◆ **PROBLEM TO WORK ON**
Every record is to be copied unchanged, except that its pictures are removed.

Brief descriptive captions
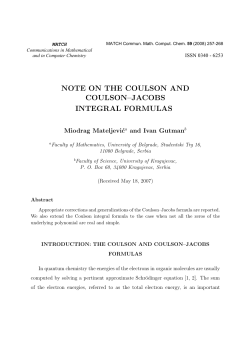 note on the coulson and coulson&ndash;jacobs integral formulas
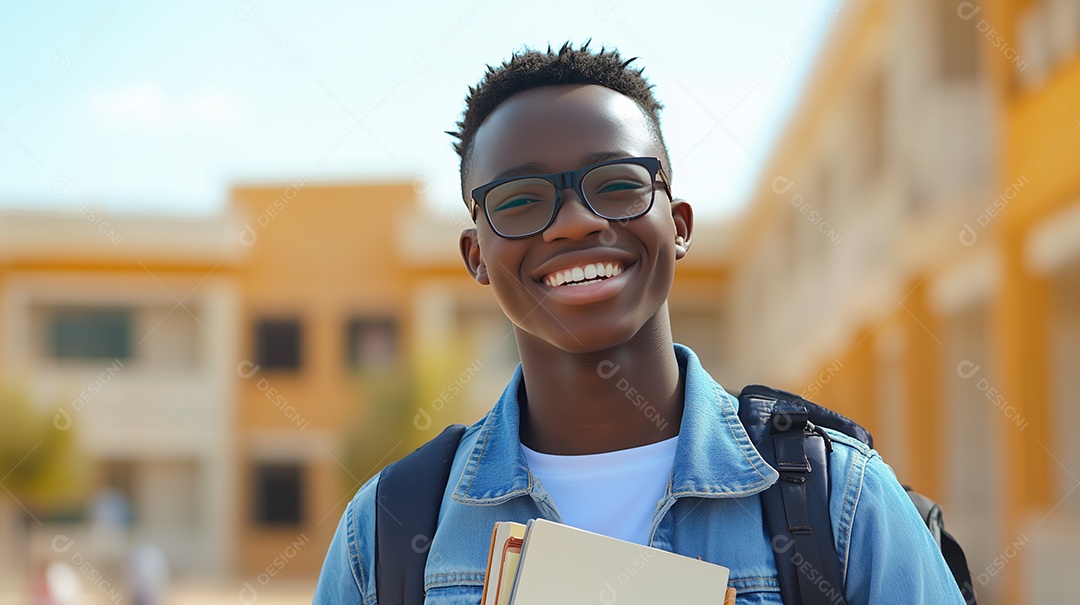 Estudante feliz com livros nas mãos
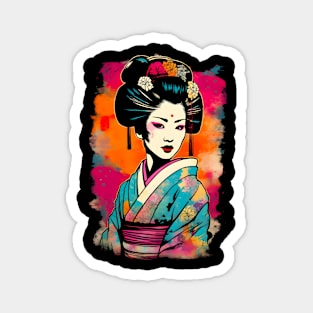 Japanese Geisha Color Splash Painting Magnet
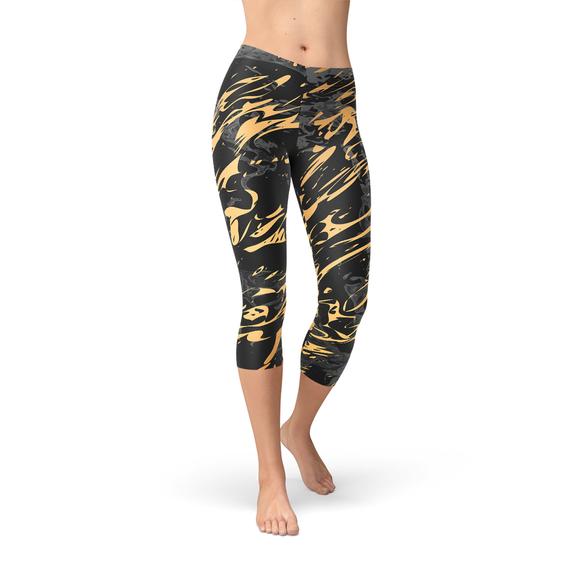 Leggings capri de mujer, mármol negro con salpicaduras doradas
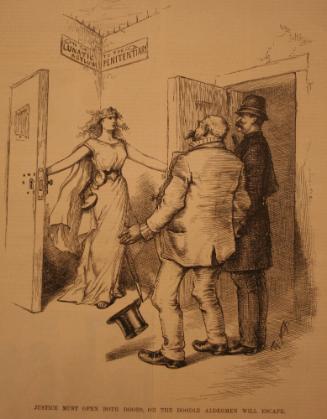 "Justice Must Open Both Doors" from Harper's Weekly, November 20, 1886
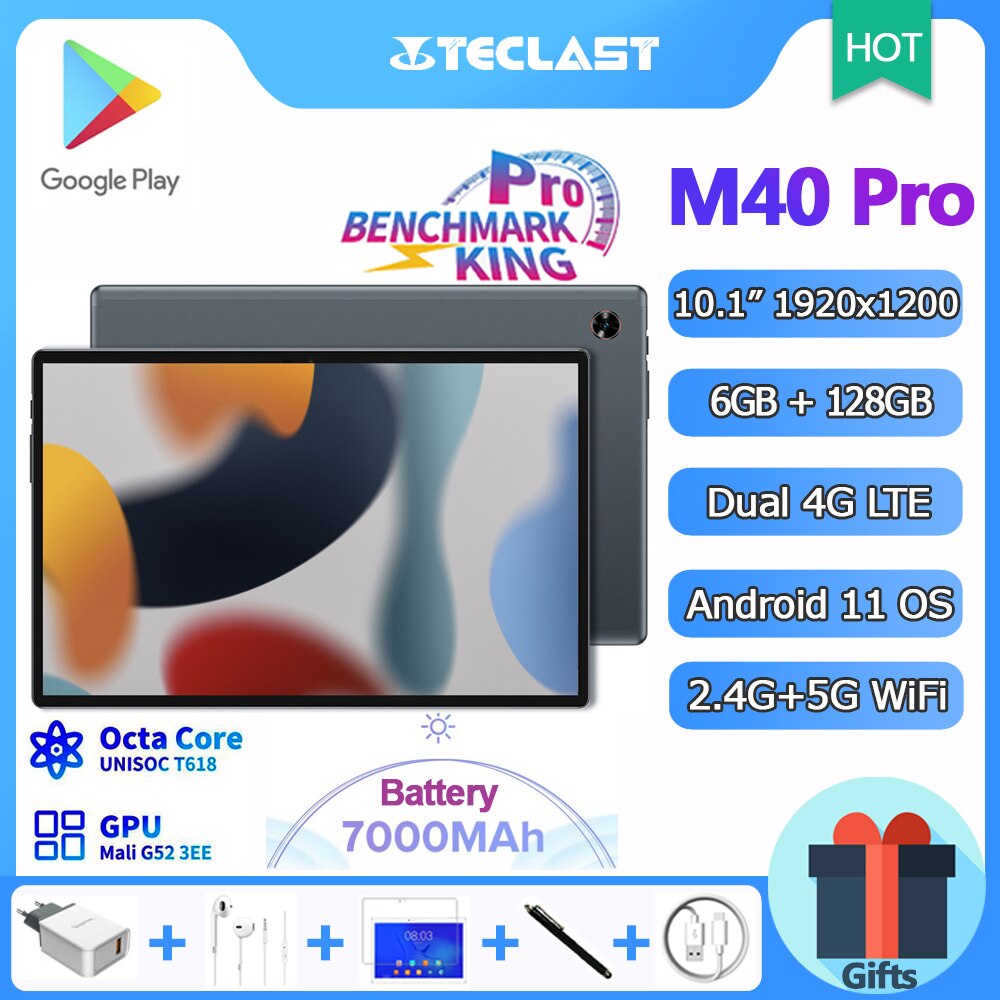 Teclast M40 Pro 10.1 Inch Tablet Android 11 Octa Core 6GB RAM 128GB ROM 1920x1200 FHD 4G LTE 5G WiFi Type-C GPS 7000mAh планшет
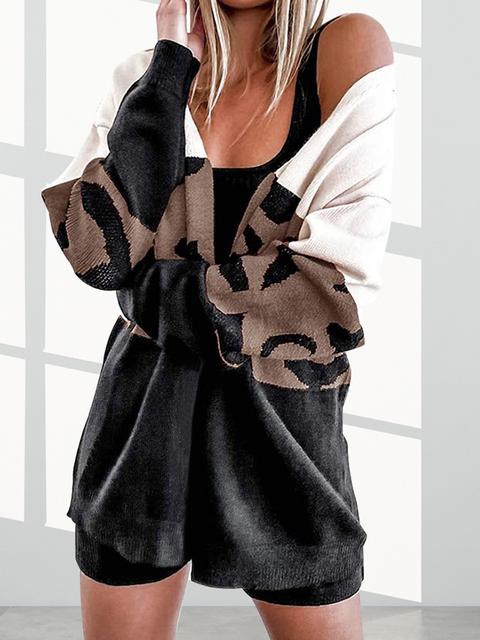 Contrasting Color Leopard Print Cardigan-Pinkami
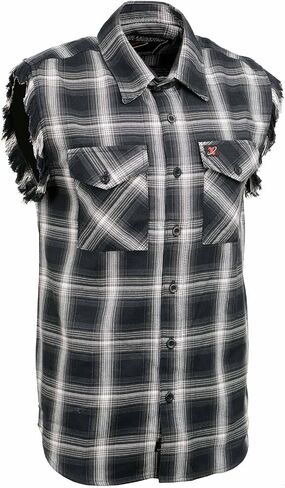 Milwaukee Leather MNG11694 Men’s Classic Black and White Button-Down Flannel Cut Off Frayed Sleeveless Casual Shirt in Saudi Arabia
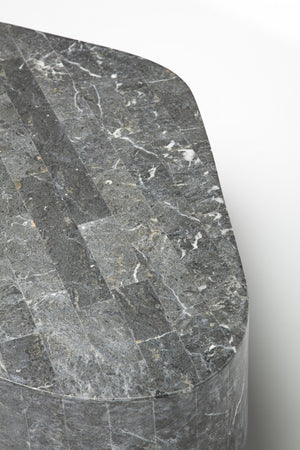 Trapezio - Tavolino (100 x 52 x 28h) in Pietra fossile grigio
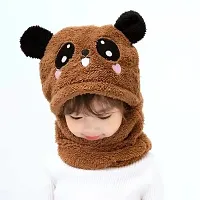 New Variety Store? Kid's Boy's & Girl's Winter Warm Faux Fur Animal Panda Balaclava Hat Full Cover Earflap Hood Cap Neck Warmer Scarf with Long Ears (Brown Color)-thumb1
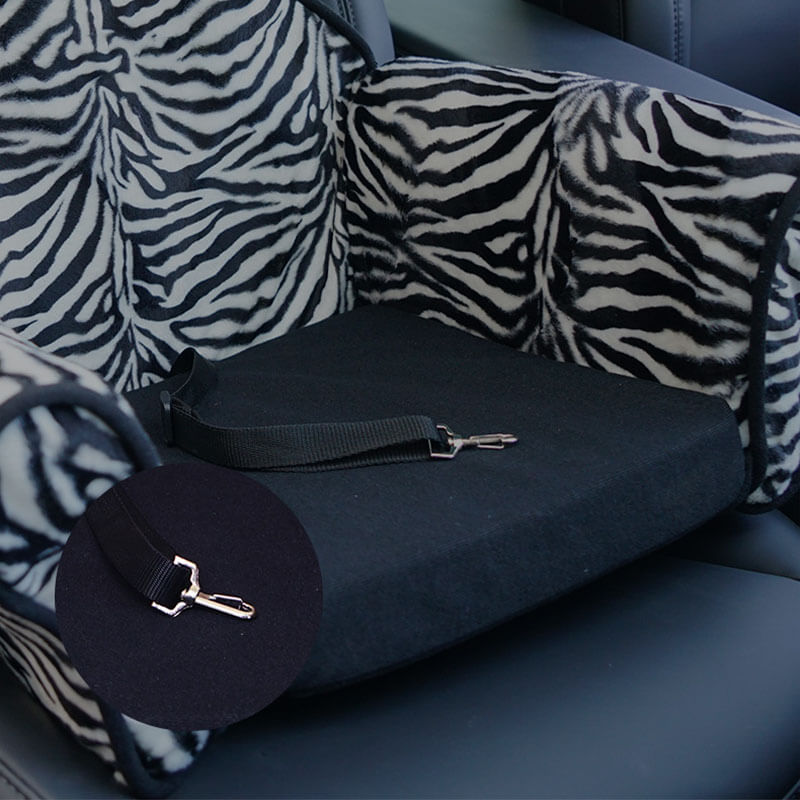 Cama de assento de carro elegante com estampa de leopardo e pelúcia para cachorro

◆ **RESULT**
 note on the coulson and coulson&ndash;jacobs integral formulas
 Estudante feliz com livros nas mãos
 Japanese Geisha Color Splash Painting Magnet
 Leggings capri de mujer, mármol negro con salpicaduras doradas
 "Justice Must Open Both Doors" from Harper's Weekly, November 20, 1886
 Teclast M40 Pro 10.1 Inch Tablet Android 11 Octa Core 6GB RAM 128GB ROM 1920x1200 FHD 4G LTE 5G WiFi Type-C GPS 7000mAh планшет
 Contrasting Color Leopard Print Cardigan-Pinkami
 Milwaukee Leather MNG11694 Men’s Classic Black and White Button-Down Flannel Cut Off Frayed Sleeveless Casual Shirt in Saudi Arabia
 Trapezio - Tavolino (100 x 52 x 28h) in Pietra fossile grigio
 New Variety Store? Kid's Boy's & Girl's Winter Warm Faux Fur Animal Panda Balaclava Hat Full Cover Earflap Hood Cap Neck Warmer Scarf with Long Ears (Brown Color)-thumb1
 Cama de assento de carro elegante com estampa de leopardo e pelúcia para cachorro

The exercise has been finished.